- Work instruction
In this exercise, reproduce the whole listing exactly.

- Stored data
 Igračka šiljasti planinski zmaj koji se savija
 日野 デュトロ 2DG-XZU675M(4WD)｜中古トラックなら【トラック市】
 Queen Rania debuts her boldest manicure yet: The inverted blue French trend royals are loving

- Solution to the problem
 Igračka šiljasti planinski zmaj koji se savija
 日野 デュトロ 2DG-XZU675M(4WD)｜中古トラックなら【トラック市】
 Queen Rania debuts her boldest manicure yet: The inverted blue French trend royals are loving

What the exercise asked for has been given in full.